5. O filme fala bastante sobre família, teve alguma inspiração pessoal?
Acho que no meu caso a maior inspiração pra esse projeto foi essa relação com a memória que construímos através da figura dos avós. Sempre fui muito próxima dos meus e sinto que essas relações estarão sempre presentes de alguma forma nos meus filmes. Meus avós maternos, Doro e Jorge, foram no cinema ver o “La Parle”. Foi uma alegria imensa. E a Sylvinha, minha avó paterna que é uma das personagens do filme, infelizmente partiu logo que terminamos a montagem. Esse filme é uma homenagem pra ela. Agora ele vai pro mundo, e espero que essa história tenha eco, que ela possa se conectar com a memória de muitas outras pessoas.
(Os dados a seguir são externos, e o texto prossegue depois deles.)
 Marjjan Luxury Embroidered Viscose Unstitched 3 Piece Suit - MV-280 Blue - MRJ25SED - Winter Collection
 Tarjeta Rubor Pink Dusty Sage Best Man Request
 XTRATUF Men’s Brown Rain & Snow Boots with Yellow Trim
6. Porque fazer planos mais fechados?
Acho que os planos mais fechados são um reflexo dessa narrativa intimista tanto em relação aos personagens, como em relação ao próprio aparelho. Fui muito natural filmar com o Iphone e também muito intuitivo, justamente por já termos essa intimidade do dia a dia. Pra cuidar dessa questão da qualidade, usamos o aplicativo FiLMiC Pro e alguns acessórios. Mesmo assim, em alguns momentos assumimos os defeitos. Um pouco no sentido da conversa que tivemos com o Lelouch no começo do processo, o que chamamos de defeito também faz parte da linguagem e da emoção dessa imagem.
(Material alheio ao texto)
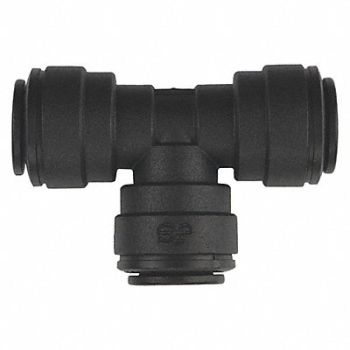 JOHN GUEST Union Tee Black 3/8 Tube Size PK10, 400L30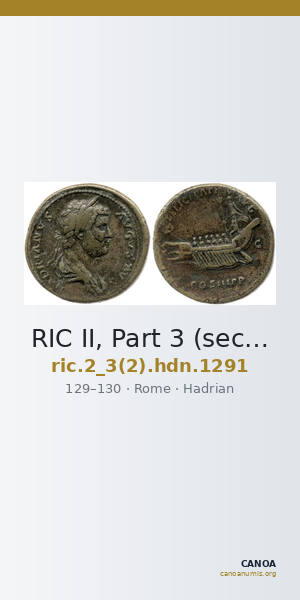 RIC II, Part 3 (second edition) Hadrian 1291 — CANOA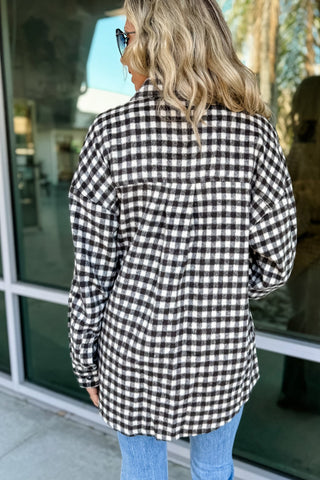 *Hayrides and Bonfires CREAM Plaid Shacket - Simply Me Boutique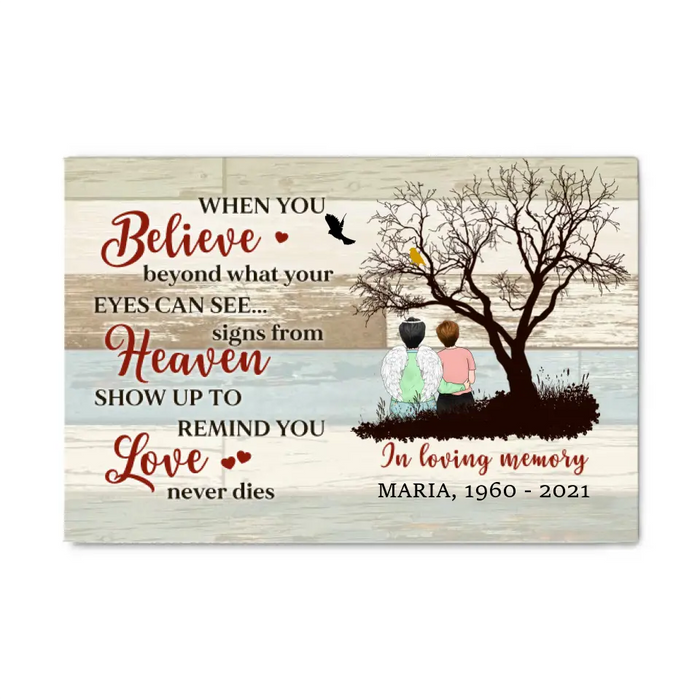 Personalized Canvas, In Loving Memory, Love Never Dies, Memorial Gifts For Lost Of Mom, Remembrance Gifts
7. Porque um filme em preto e branco?
A decisão sobre o filme ser em preto e branco foi um processo. Surgiu como uma ideia de trazer esse contraste entre passado e presente. Uma memória jovem, feita com um Iphone que vai de encontro ao imaginário que temos do passado. Aí quando a Fanny nos contou sobre a consulta médica que inspirou a cena final, tivemos certeza de que esse era o caminho. Foi uma confirmação muito clara. Não vou falar mais que isso pra deixar a surpresa pra quem for assistir.